The required output is the lines from the one with "青岛大学附属医院银屑病 青岛大学附属医院皮肤" through the end of the data, repeated verbatim, with no pictures included.

[SOURCE MATERIAL Boundary: Start]

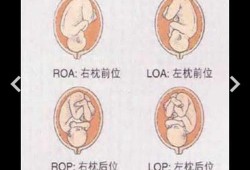 胎位右枕前是什么意思呢,胎儿右枕前位图片示意图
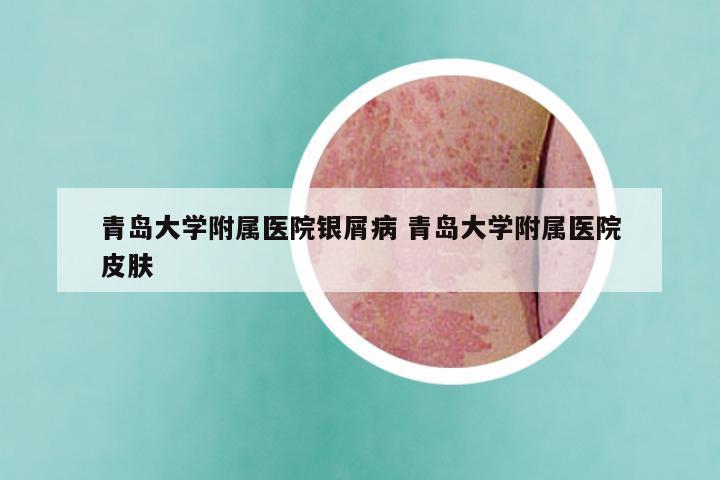 青岛大学附属医院银屑病 青岛大学附属医院皮肤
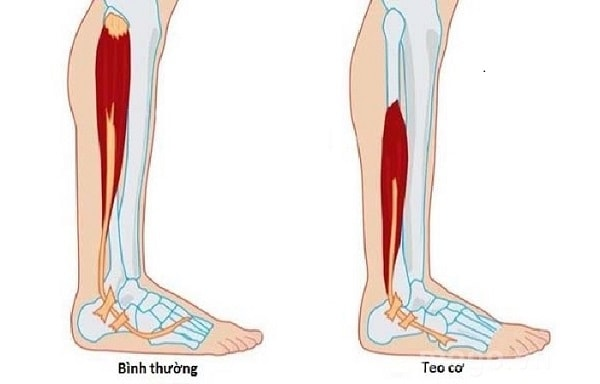 Minh họa tình trạng teo cơ.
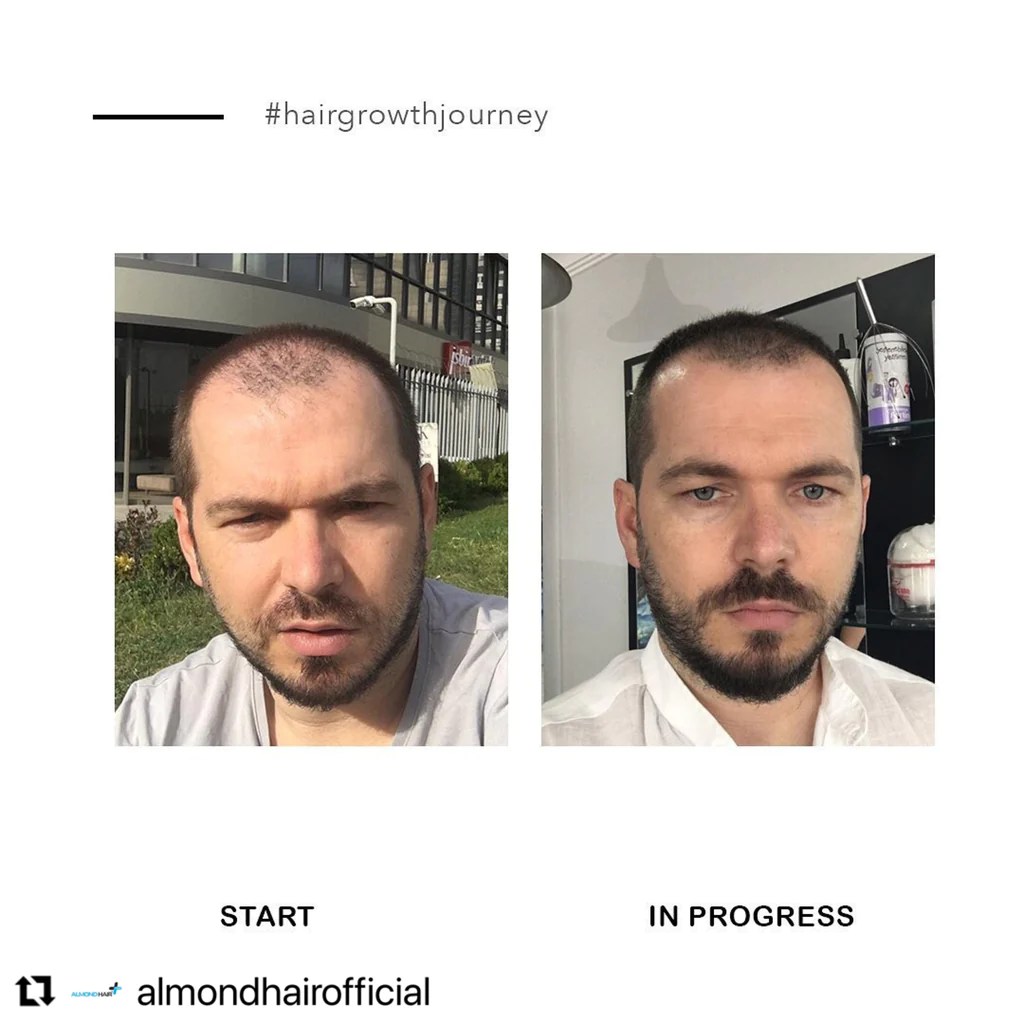 الموند هير ALMOND HAIR سيروم تطويل و تكثيف الشعر للرجال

[SOURCE MATERIAL Boundary: End]

**WORKED SOLUTION**
 青岛大学附属医院银屑病 青岛大学附属医院皮肤
 Minh họa tình trạng teo cơ.
 الموند هير ALMOND HAIR سيروم تطويل و تكثيف الشعر للرجال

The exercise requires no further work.